Available data START

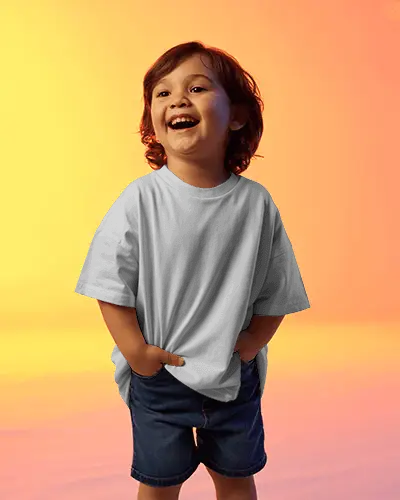 Cheerful Child T Shirt Mockup Young Boy Laughing In Casual Outfit Colorful Backdrop Scene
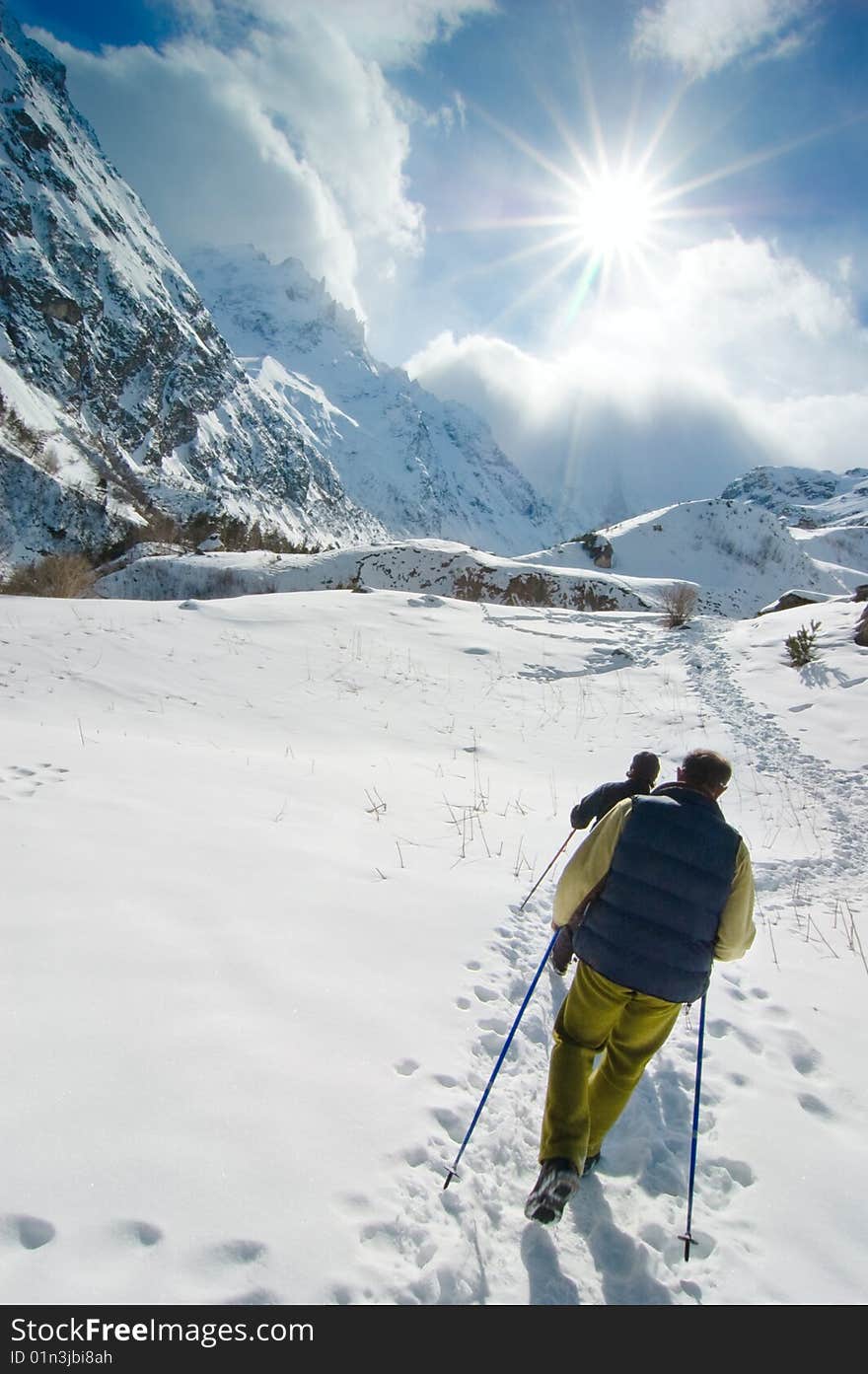 Hikers go up in mountains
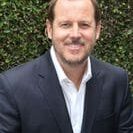 Smiling man wearing navy blazer by hedge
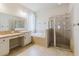 Bright bathroom with a soaking tub, separate glass-enclosed shower, and vanity area at 12506 Safari Ln, Riverview, FL 33579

Available data END

= What you are asked to do =
Copy exactly, please, the lines that run from the line holding "Smiling man wearing navy blazer by hedge" through the closing line of the material above, omitting every picture.

= Response to this task =
 Smiling man wearing navy blazer by hedge
 Bright bathroom with a soaking tub, separate glass-enclosed shower, and vanity area at 12506 Safari Ln, Riverview, FL 33579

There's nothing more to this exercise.